Medieval Bosnia is characterized by different periods of the Bosnian Province, the Age of Ban Kulin and Kotromanic Dynasty, or the rule of Stjepan II Kotromanić. Under his reign the territory of Bosnia significantly expanded. After his death, Tvrtko 1 Kotromanić became the first Bosnian king, who took control and annexed Dalmatia and its islands to Bosnia. The more frequent incursions of the Ottomans caused unstable political climate in Bosnia and destruction of the Bosnian state. This was also the result of frequent change of Bosnian kings.
Ottoman Empire was essentially a military organisation that was only interested in new conquests and tax collection, and its administrative system was designed to provide for primarily two things: the people for the army and money for its payment. The Ottoman Empire raised taxes against Bosniaks, and there occurred the great revolt against the Ottoman Empire. At the famous "Congress of Berlin," it was decided that Bosnia, although theoretically still under Ottoman occupation, would be administered by the Austro-Hungarian Empire.
It was the age of the Austro-Hungarian rule. However, Slavic movements in neighboring countries had been working on the unification of the South Slavs.

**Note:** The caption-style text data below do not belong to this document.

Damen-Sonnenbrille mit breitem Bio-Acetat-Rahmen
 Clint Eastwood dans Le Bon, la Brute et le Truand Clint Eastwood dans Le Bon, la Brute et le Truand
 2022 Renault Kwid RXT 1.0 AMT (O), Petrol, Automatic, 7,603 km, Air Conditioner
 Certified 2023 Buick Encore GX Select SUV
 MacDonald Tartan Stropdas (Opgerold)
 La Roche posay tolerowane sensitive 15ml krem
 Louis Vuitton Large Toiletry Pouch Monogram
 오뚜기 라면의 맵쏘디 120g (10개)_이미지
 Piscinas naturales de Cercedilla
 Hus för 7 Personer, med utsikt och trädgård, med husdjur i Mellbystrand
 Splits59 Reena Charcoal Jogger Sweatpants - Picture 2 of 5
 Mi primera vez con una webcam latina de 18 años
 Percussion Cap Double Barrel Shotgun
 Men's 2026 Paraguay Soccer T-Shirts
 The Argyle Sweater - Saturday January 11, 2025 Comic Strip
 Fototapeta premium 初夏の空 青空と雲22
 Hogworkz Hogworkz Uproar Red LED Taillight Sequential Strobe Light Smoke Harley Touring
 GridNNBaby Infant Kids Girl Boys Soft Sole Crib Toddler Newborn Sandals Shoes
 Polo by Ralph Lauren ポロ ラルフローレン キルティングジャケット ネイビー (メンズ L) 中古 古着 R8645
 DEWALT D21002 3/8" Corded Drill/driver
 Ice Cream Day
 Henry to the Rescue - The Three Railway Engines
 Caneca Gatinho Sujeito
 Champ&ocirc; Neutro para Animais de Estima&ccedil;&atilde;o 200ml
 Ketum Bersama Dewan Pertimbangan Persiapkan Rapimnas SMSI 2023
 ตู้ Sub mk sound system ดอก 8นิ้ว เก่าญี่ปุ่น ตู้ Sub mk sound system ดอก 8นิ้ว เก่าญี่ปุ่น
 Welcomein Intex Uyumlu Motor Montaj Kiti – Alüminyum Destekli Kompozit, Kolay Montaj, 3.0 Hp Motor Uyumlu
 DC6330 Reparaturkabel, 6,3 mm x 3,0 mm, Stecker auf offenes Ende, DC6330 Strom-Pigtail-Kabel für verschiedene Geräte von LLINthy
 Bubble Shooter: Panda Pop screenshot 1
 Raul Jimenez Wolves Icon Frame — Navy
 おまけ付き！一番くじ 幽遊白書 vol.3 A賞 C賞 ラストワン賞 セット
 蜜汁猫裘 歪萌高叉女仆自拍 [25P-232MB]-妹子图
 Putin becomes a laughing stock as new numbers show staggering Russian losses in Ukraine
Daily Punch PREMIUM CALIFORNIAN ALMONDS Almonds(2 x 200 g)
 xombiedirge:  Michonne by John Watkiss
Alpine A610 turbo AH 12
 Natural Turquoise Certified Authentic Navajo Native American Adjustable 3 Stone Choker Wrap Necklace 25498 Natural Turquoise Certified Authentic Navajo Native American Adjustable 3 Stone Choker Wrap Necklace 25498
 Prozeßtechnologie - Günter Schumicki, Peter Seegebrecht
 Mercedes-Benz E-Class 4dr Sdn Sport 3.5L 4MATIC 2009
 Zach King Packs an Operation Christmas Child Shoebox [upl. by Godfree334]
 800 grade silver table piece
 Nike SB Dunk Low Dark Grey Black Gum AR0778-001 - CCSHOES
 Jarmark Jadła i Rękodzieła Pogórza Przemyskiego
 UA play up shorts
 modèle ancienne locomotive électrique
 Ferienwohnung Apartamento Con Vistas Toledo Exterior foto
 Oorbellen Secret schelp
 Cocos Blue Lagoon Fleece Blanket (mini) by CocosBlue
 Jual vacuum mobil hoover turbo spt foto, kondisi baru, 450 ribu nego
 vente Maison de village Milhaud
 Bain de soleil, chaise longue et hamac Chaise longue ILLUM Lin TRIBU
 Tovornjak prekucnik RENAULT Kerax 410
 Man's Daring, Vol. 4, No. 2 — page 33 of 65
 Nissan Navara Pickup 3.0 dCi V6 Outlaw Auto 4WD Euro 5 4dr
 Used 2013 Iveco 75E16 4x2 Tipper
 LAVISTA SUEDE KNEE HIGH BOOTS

The First World War began when the Austro-Hungarian heir to the throne was assassinated in Sarajevo. After the collapse of Austria-Hungary, Bosnia and Herzegovina was included in the Kingdom of Serbs, Croats and Slovenes, which would later become the Kingdom of Yugoslavia. At that time the political life in Bosnia was marked by social and economic conflicts around the issue of ownership of property, and a few political parties were formed.
The establishment of the Kingdom of Yugoslavia in 1929 brought the redrawing of borders into the banates. This period was marked by the outbreak of World War I in Europe back in 1939, while Yugoslavia would become a target only after 25 March 1941 when it joined the Tripartite Pact, but soon came out of it after the coup d’etat. Yugoslavia was attacked on 6 April 1941.
Shortly after the Nazi forces conquered Yugoslavia, the whole of Bosnia and Herzegovina came under the control of pro-fascist Independent State of Croatia. After the war, the new constitution was adopted in 1946, and it officially recognized Bosnia and Herzegovina as a republic within the new Yugoslav state. From then until the last war in Bosnia and Herzegovina, it was the Socialist Republic of Bosnia and Herzegovina.
After elections in 1990, Bosnia and Herzegovina declared its sovereignty in October 1991, followed by a referendum for the disassociation of Yugoslavia. The war broke out in Bosnia and Herzegovina and it ended in 1995. On 21 November 1995, a peace agreement was signed in the USA city of Dayton, which ended a three-year war (final agreement was signed in Paris on 14 December 1995).
Today, Bosnia and Herzegovina is recognized as an independent, sovereign state with full legal personality, based on the values of peace and reconciliation and ready for Euro-Atlantic integration. The Constitution is one of the annexes (Annex IV) of the Dayton Peace Agreement.